我还在一个表中整合了多个连接,这使得它更容易遵循。

select
    ...
from
    (
        select user_id, min(date_format(in_datetime, '%d/%m/%Y')) _date,
        from production.login
        where year(in_datetime) = year(curdate()) and week(in_datetime) = week(curdate())
        group by user_id
        having count(*) = 1
    ) users
        left outer join
    (
        select
            s.user_id, /* I qualified with s but not sure that was the right table */
            count(*) as loaded,
            count(s.selected_answer) as attempted,
            count(case when s.selected_answer = s.corrected_answer then 1 end) as correct
        from production.score s inner join processedquestion pq
            on pq.attempt_id = s.attempt_id
        group by user_id
    ) questions
        on questions.user_id = users.user_id

I have no idea how large your logins table is but the query might run more efficiently if you were to calculate a start and end date and use in_datetime between <start_of_week> and <end_of_week> rather than a check based on extracting the year and week parts. And actually I think you'll have worse problems when you use this in the first week of January.

我不知道您的登录表有多大,但如果您要计算开始和结束日期并在 之间使用in_datetime而不是基于提取年份和周份的检查,则查询可能会更有效地运行。实际上,当你在1月的第一周使用它时,我认为你会遇到更严重的问题。

#1


1  

I don't think the problem has anything to do with full joins. The issue is that you need to move your logins date filter into the table expression. The query above looks for users with only a single login in the entire table which is why you have fewer results.

我不认为问题与完全连接有关。问题是您需要将登录日期过滤器移动到表表达式中。上面的查询查找整个表中只有一次登录的用户,这就是为什么结果较少的原因。

Also note that your query wouldn't have run on systems that correctly disallow the return of a non-aggregate column in a grouping query. In your case you only wanted a single date so it didn't really matter; however, the correct method is to use a dummy aggregate like min() on the _date calculation. I'm calling this out because it's a source of many problems for MySQL devs.

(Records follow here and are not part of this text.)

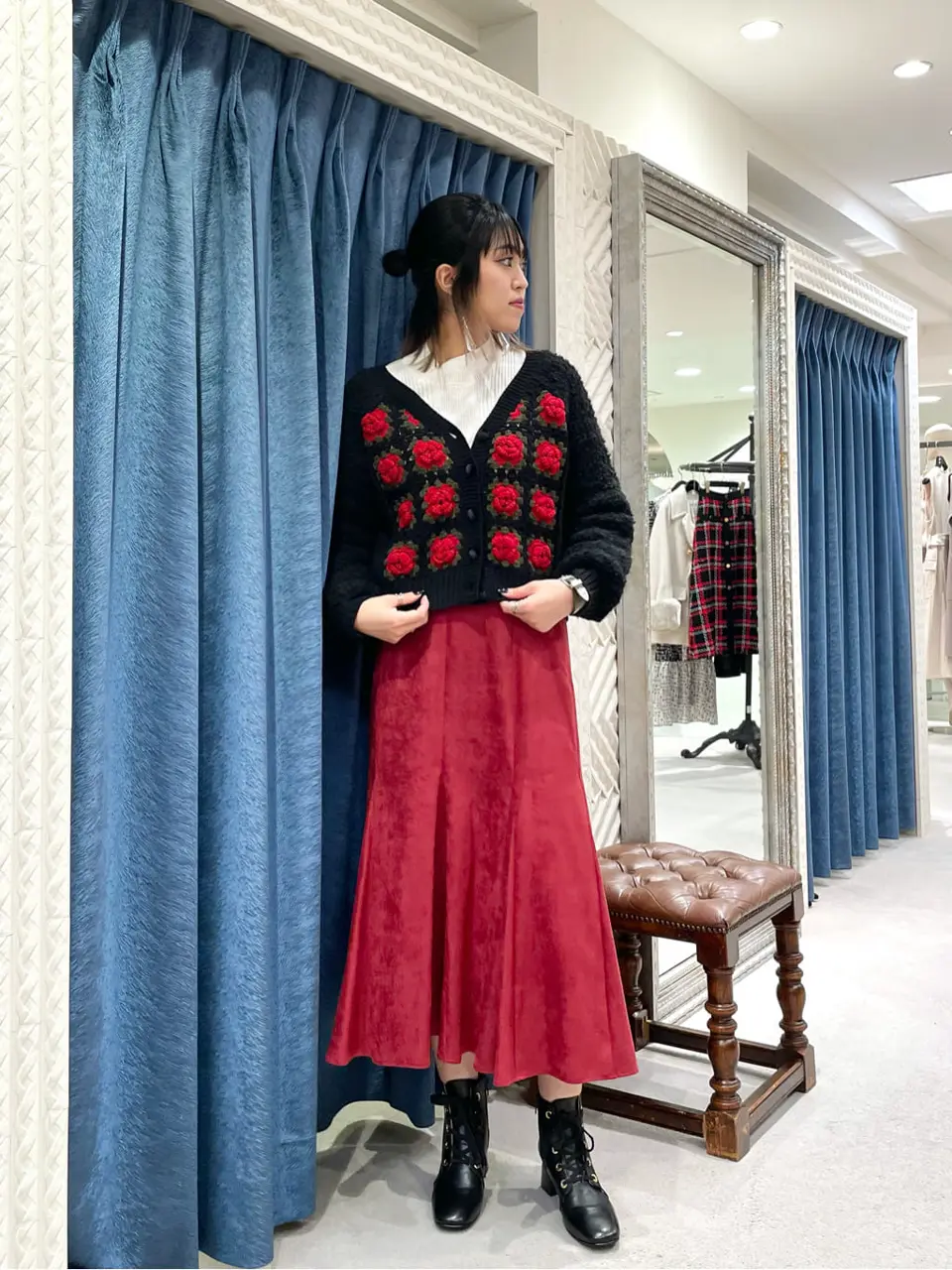 GRACE CONTINENTAL yoshi コーディネート画像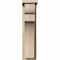 Ekena Millwork Yorktown Rough Sawn Corbel w/Backplate, Douglas Fir, 6"W x 12"D x 24"H COR06X12X24YOR01RDF - alternate 4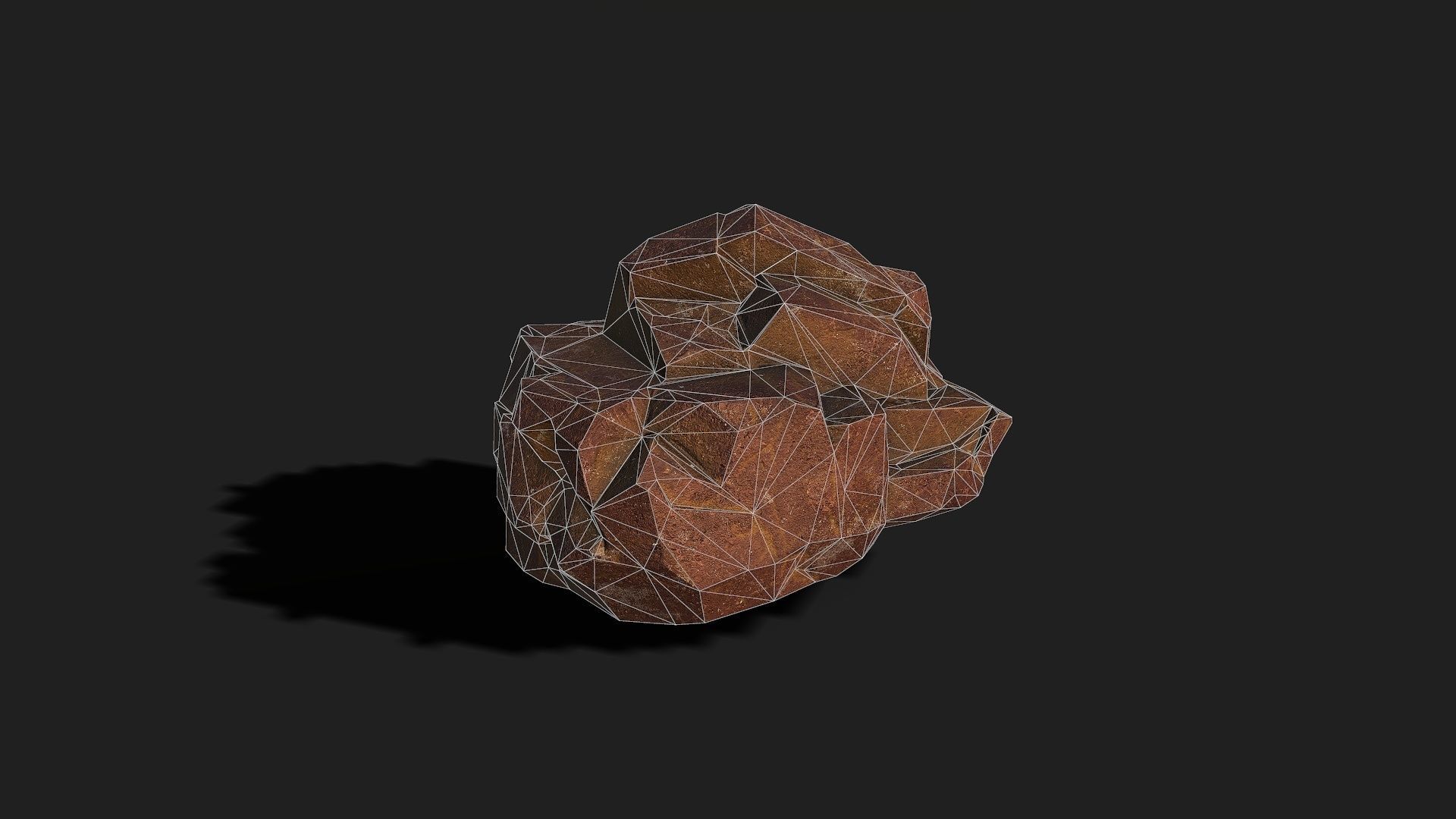 Mountain desert Rocks - PBR Pack 03 Low-poly 3D model_7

另请注意,您的查询不会在正确禁止在分组查询中返回非聚合列的系统上运行。在你的情况下,你只想要一个日期,所以它并不重要;但是,正确的方法是在_date计算中使用像min()这样的虚拟聚合。我之所以这样称呼是因为它是MySQL开发人员遇到的许多问题的根源。

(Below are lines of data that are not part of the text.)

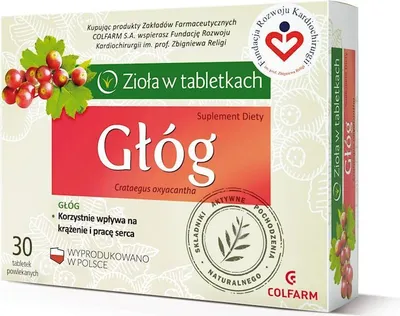 Produktbild von Weißdorn 30 Tabletten - Langfristiges Verfallsdatum!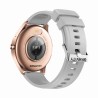 Smartwatch Damski Gravity GT2-5 na pasku gumowym w kolorze RÓŻOWY/SZARY o szerokości 22mm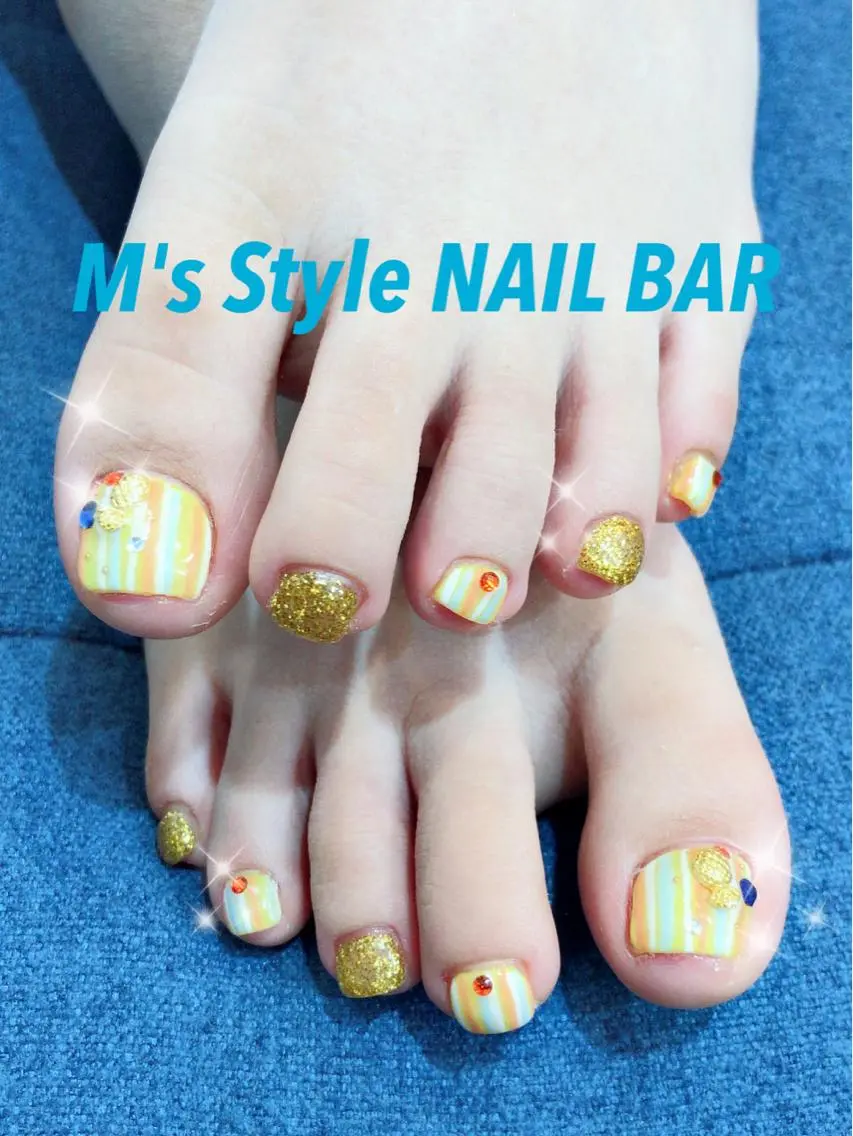 ネイル フットネイル M's Style NAIL BARのネイルデザイン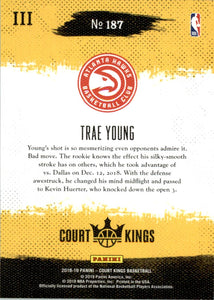 2018-19 Court Kings #187 Trae Young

The single login condition can also be expressed with having which has the benefit of keeping that part of the logic in one place without the need to expose a separate count column to reference later. I suppose that's possibly a matter of preference though I would argue it makes sense to use the tools built into the language.

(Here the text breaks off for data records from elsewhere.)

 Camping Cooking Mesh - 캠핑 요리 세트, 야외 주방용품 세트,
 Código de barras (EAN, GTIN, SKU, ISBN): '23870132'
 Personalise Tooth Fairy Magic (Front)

单个登录条件也可以表示为具有将该部分逻辑保持在一个位置而不需要公开单独的计数列以便稍后引用的益处。我想这可能是一个偏好问题,尽管我认为使用语言中内置的工具是有意义的。

I've also consolidated the multiple joins in a single table which should make it a lot simpler to follow.

我还在一个表中整合了多个连接,这使得它更容易遵循。

select
    ...
from
    (
        select user_id, min(date_format(in_datetime, '%d/%m/%Y')) _date,
        from production.login
        where year(in_datetime) = year(curdate()) and week(in_datetime) = week(curdate())
        group by user_id
        having count(*) = 1
    ) users
        left outer join
    (
        select
            s.user_id, /* I qualified with s but not sure that was the right table */
            count(*) as loaded,
            count(s.selected_answer) as attempted,
            count(case when s.selected_answer = s.corrected_answer then 1 end) as correct
        from production.score s inner join processedquestion pq
            on pq.attempt_id = s.attempt_id
        group by user_id
    ) questions
        on questions.user_id = users.user_id

I have no idea how large your logins table is but the query might run more efficiently if you were to calculate a start and end date and use in_datetime between <start_of_week> and <end_of_week> rather than a check based on extracting the year and week parts. And actually I think you'll have worse problems when you use this in the first week of January.

我不知道您的登录表有多大,但如果您要计算开始和结束日期并在 之间使用in_datetime而不是基于提取年份和周份的检查,则查询可能会更有效地运行。实际上,当你在1月的第一周使用它时,我认为你会遇到更严重的问题。